A newly released study confirms what many Canadians already grapple with – the exorbitant amount that they pay in taxes to various levels of government.
The average Canadian family gives 45% of its household income to taxes, according to a recent Consumer Tax Index study conducted by the Fraser Institute.
Taxes account for the highest household expenditure for the average Canadian family, outpacing combined spending on basic necessities like food, shelter, and clothing, with the government seizing nearly half of familial household income.
“In 2022, the average Canadian family, including both families and unattached individuals, earned cash income of $106,430,” the full report reads.
That means that the average Canadian family nets the equivalent of what Prime Minister Justin Trudeau is on track to spend on groceries this fiscal year.
Taxes have outpaced all other cash expenditures since 1961, which is the year that the Canadian Consumer Tax Index began tracking the tax bill of the average Canadian family.
“Average cash income rose by 2,029% from 1961 to 2022, overall consumer prices rose by 863%, expenditures on shelter by 1,880%, food by 870%, and clothing by 654%. Meanwhile, the tax bill of the average family grew by 2,778%,” the report reads.

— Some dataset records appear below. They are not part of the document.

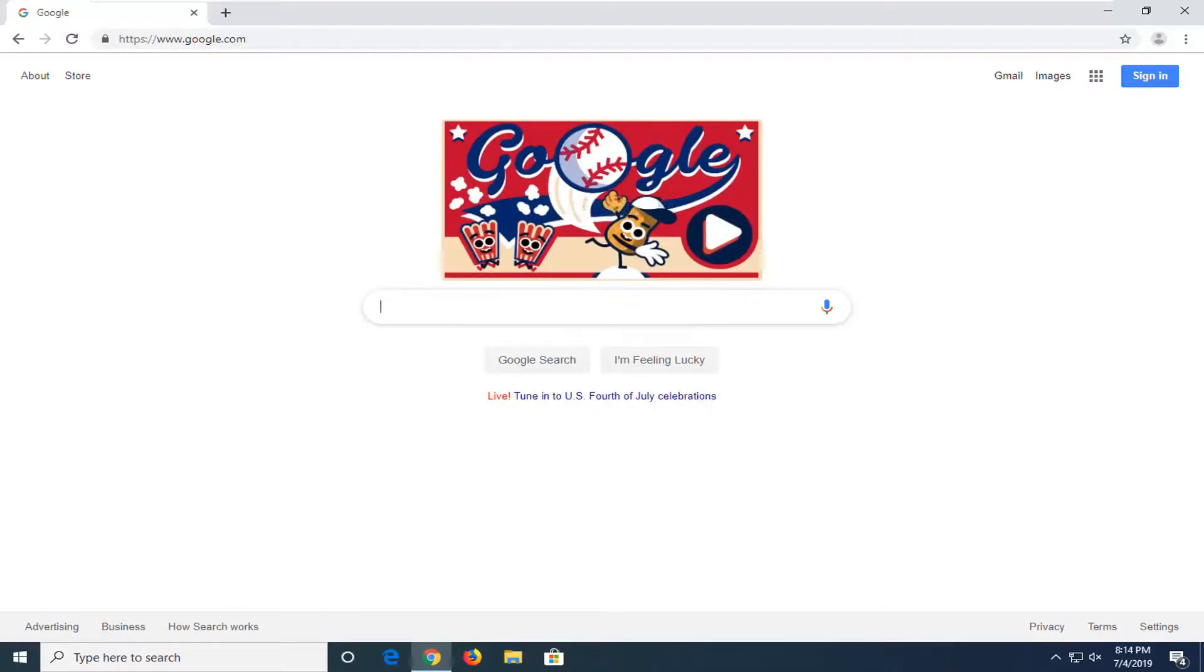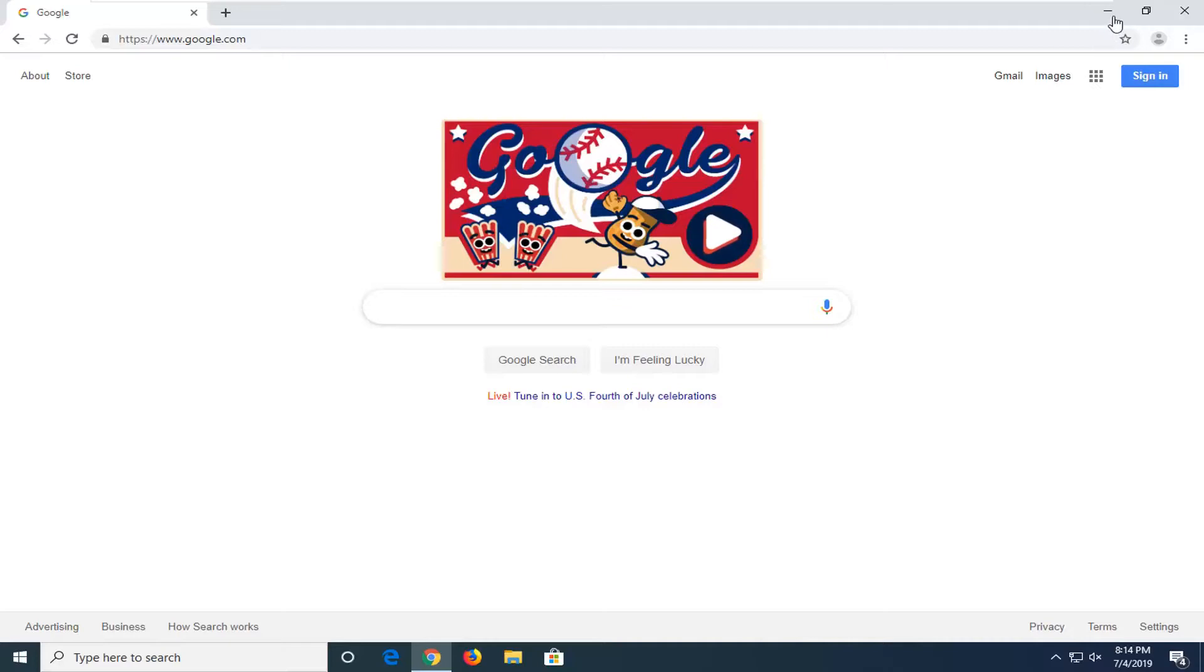Once you're done with that you should be able to be good to go. This will actually apply also for other web browsers like Internet Explorer, Firefox, Microsoft Edge and whatnot. So it's pretty universal.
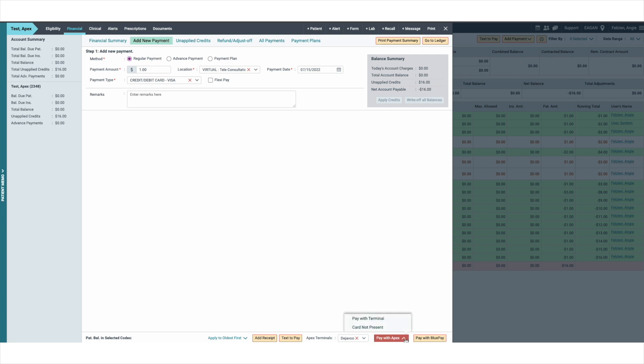If you are not using a terminal to process the payment, and the patient is making a payment over the phone or you will be entering the payment manually, select the card not present option.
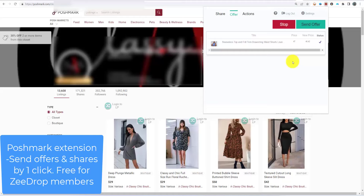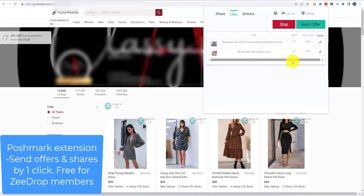This process works in the background, so you can close the pop-up extension. In this table, we can see all the offers that have been sent.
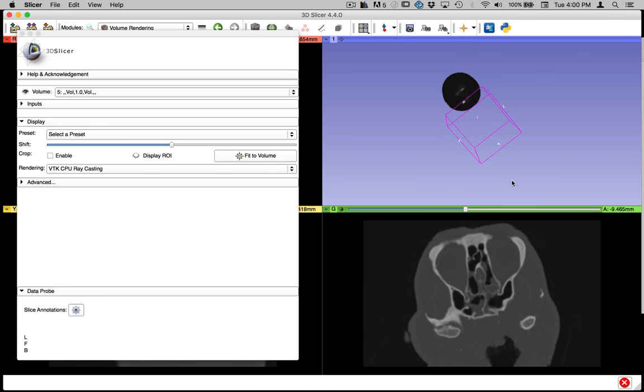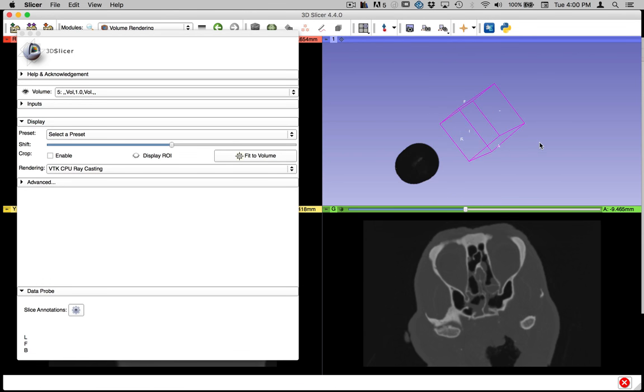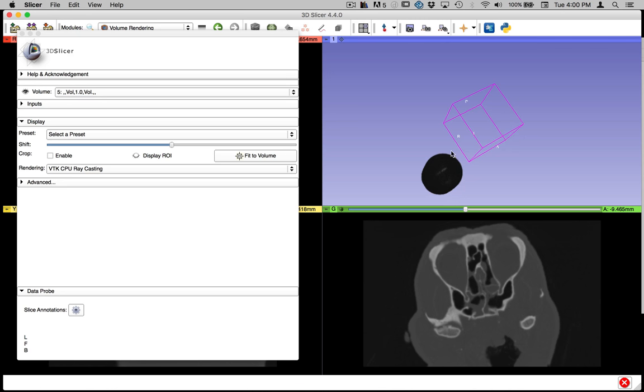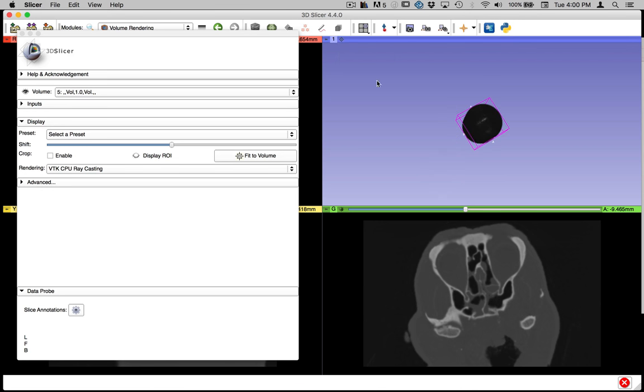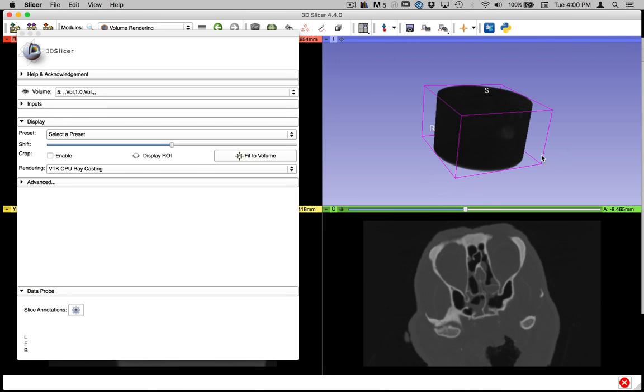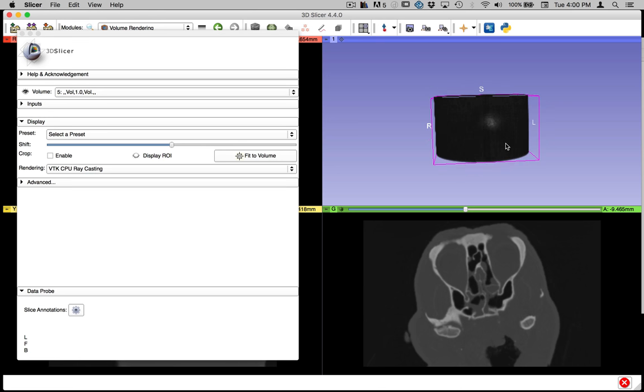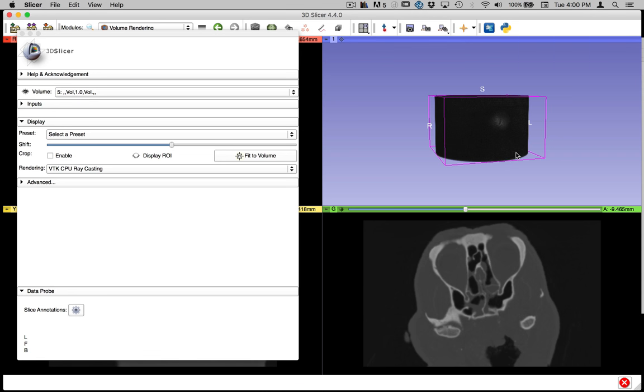And it's lagging, so it just popped in there. So now, there is my volume. If I want to center it in the world, there's this little button up here in the 3D view. It's called center the 3D view on the scene. So we click on that, and it goes into the middle.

Canadians can expect this percentage to continue to increase.
A “New Year’s Tax Changes” report from the Canadian Taxpayers Federation (CTF) details higher employment insurance (EI) premiums, increases to the Canada Pension Plan (CPP) and continued increases to the newly instituted carbon tax.
The cost of living in various provinces all across Canada has risen exuberantly and has most impacted low and middle-income earners and younger households.
Poor policy and big government are decimating the standard of living and Canadians are certainly not getting more bang for their buck.